So our film opens with a load of nude women running around.

Yep, we’re in a Carry On film all right.

No, this is a film about nudist camps which everyone in the audience is disgusted by, which begs the question as to why they decided to see it. Well, Sid James’ character isn’t, also called Sid, therefore making my job of remembering his name easier. He’s gone with his girlfriend Joan, played by Joan Sims, and his friend Bernie, played by, guess who, a guy named Bernard. Bernard Bresslaw, to be precise, who oddly enough will go on to star in Hawk the Slayer and Krull. A strange transition. Bernie’s brought his own girlfriend Anthea, who will do nothing, say nothing, and basically be nothing in his film. So the four of them are arguing about the fact that Sid and Bernie are pervs and Joan and Nobody are prudes. THIS SCENE CONTRIBUTES SO MUCH!!!

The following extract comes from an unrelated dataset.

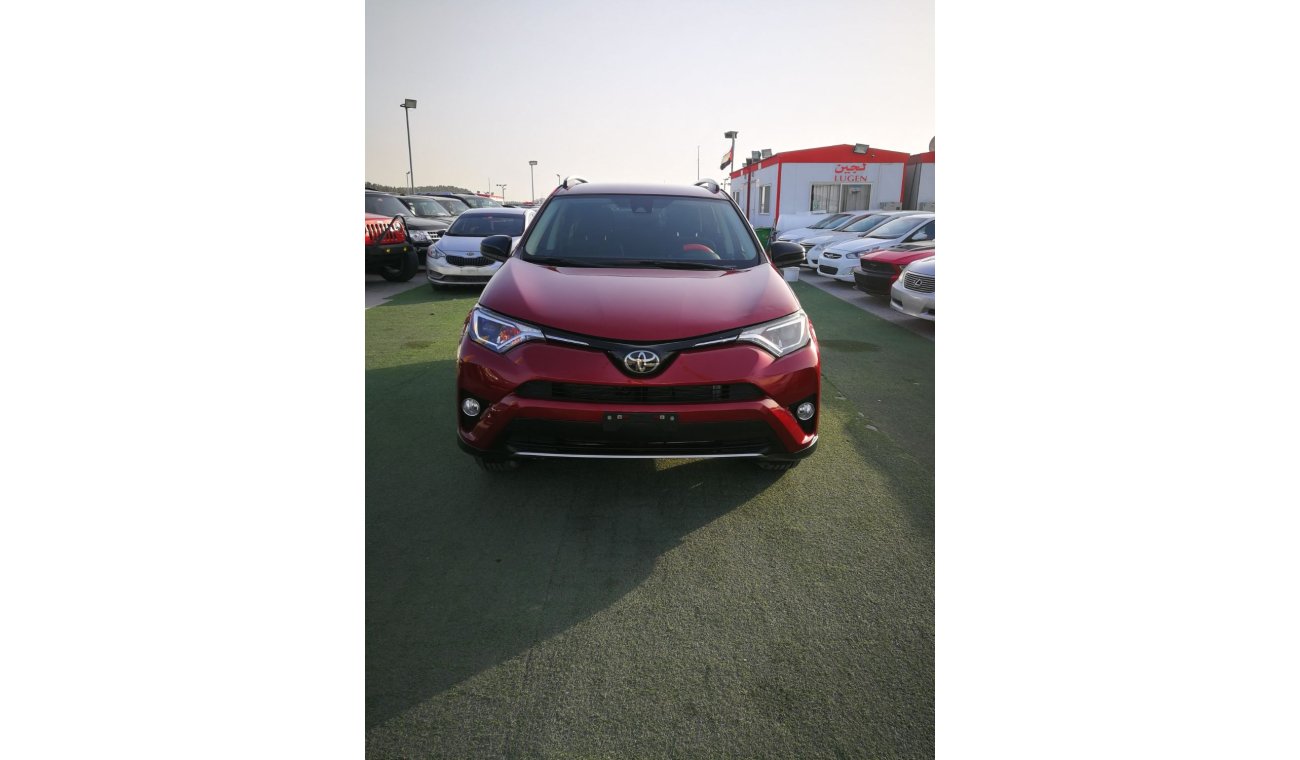 Toyota RAV4 Toyota rav 4 model 2018 USA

Now we meet Peter, a portly gentleman who quite clearly wants to go to somewhere sunny for holiday, like Monte Carlo, only to see that his wife is packing a load of camping gear. He’s a meek and weak-willed tub, who is bullied by his domineering wife. This actually starts to be quite creepy, as if it were the moment in the horror film were the murderer snaps. When they’re talking about how a goat ate its way into Peter’s tent and shat on him, his wife laughs a torturous laugh that makes me beg for Scratch from the Adventures of Sonic the Hedgehog and mentions how they both had a good laugh, to which Peter says ‘Yes, you did, didn’t you.” In an insanely foreboding voice no less. And this isn’t the only time. He just is constantly about to snap, summon his unholy army and butcher the entire cast.

He also repeatedly talks about his day at work, lying to his oblivious wife. The film claims these are lies, with events involving strip clubs, opium, harems, but seeing as this is Satan we’re talking about, he’s obviously truthful in describing these hedonistic acts. His wife angers him with her insistence in going to a camp, so he tears up his Monte Carlo brochure, turns his wife into a goat and drains her of her blood.

Now we go to a camping shop, with Charles Hawtrey, the gawky glasses one, playing Charlie (surprise) a naïve first-time camper who wants to go camping but has never done it before. He is first seen in a tent with a young sexy shop assistant, and it’s quite clearly a misunderstanding, with jokes like “She was teaching me how to stick the pole up” being rampant, but all I can think of it Charles Hawtrey’s winky, which is as bad sights go is up there with an earthquake in New York, Margaret Thatcher in a cold shower and a day out in Hull. Sid and Bernie come in the shop, talking about how their girlfriends aren’t bonking them despite three months of dating (Sid, you look sixty, OF COURSE you aren’t getting bonked) and how they’ll take them to that nudist camp from earlier without telling them. Great idea! Because that’s how you win someone’s trust… lie to them, take them to a nudist camp and ask them to bonk you.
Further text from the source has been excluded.